Environment
- Red Hat Enterprise Linux release 8.7 (Ootpa)
- 4.18.0-425.10.1.el8_7.x86_64
- EXT4 filesystem without a journal.
Issue
- IBM Informix Dynamic Server oninit process hanging, resulting in unresponsive/hung database connections due to deadlock on ext4 filesystem mounted without a journal.
- IBM Informix Dynamic Server oninit process blocked with the following call traces.

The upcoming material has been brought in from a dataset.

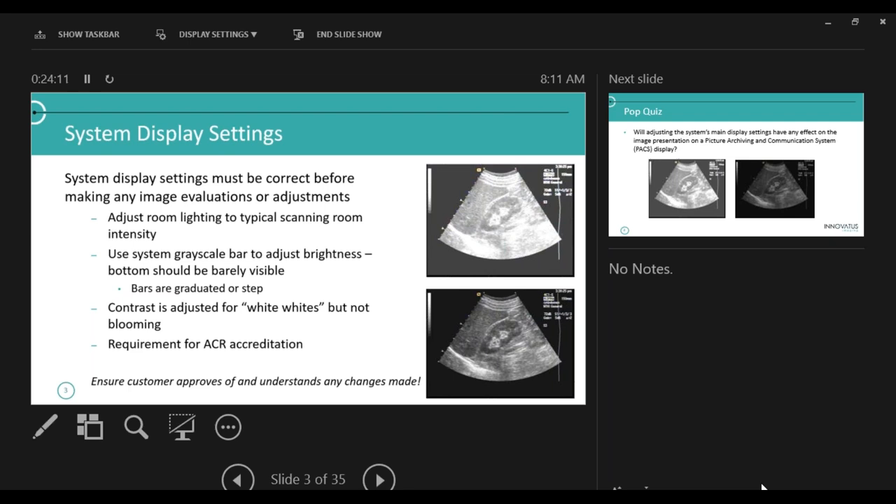Proper monitor settings is a requirement for ACR. If you are American College of Radiology accredited for ultrasound in your department, you are required to check your monitor display settings and make sure they are set up correctly. What you're seeing here — for those of you who are not sonography students — is my liver, my kidney, and my diaphragm. I have what's called kind of a glass body — I image very, very well. In the early 90s, AccuSan actually used that window in an ad for their 128.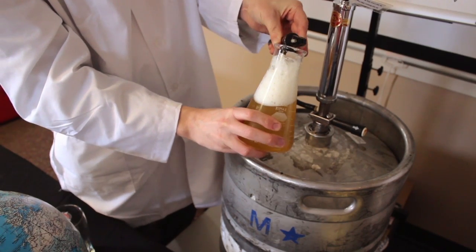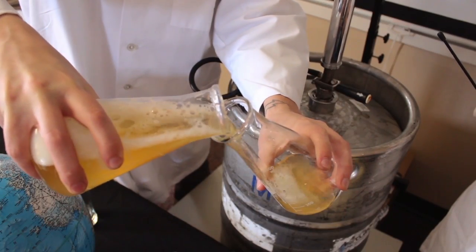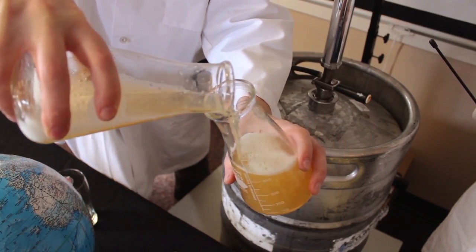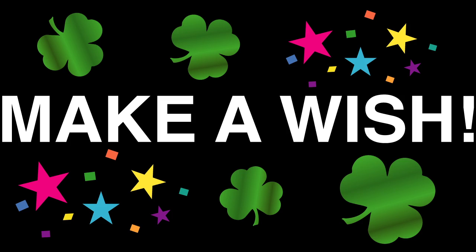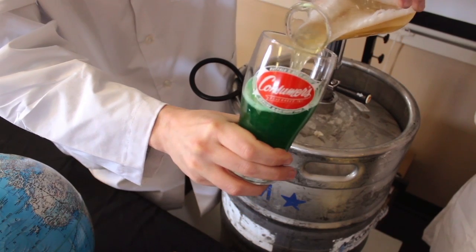Step one: transfer beer to large beaker. Step two: transfer beer from large beaker to medium beaker. Step three: make a wish. Step four: transfer from medium beaker to pint glass.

[428617.156430] INFO: task oninit:4327 blocked for more than 120 seconds.
[428617.156431] Not tainted 4.18.0-425.10.1.el8_7.x86_64 #1
[428617.156433] "echo 0 > /proc/sys/kernel/hung_task_timeout_secs" disables this message.
[428617.156433] task:oninit state:D stack: 0 pid: 4327 ppid: 4300 flags:0x00004084
[428617.156436] Call Trace:
[428617.156437] __schedule+0x2d1/0x860
[428617.156439] ? blk_flush_plug_list+0xd7/0x100
[428617.156441] schedule+0x35/0xa0
[428617.156443] ext4_unwritten_wait+0x87/0xc0 [ext4]
[428617.156460] ? finish_wait+0x80/0x80
[428617.156462] ext4_file_write_iter+0x396/0x3e0 [ext4]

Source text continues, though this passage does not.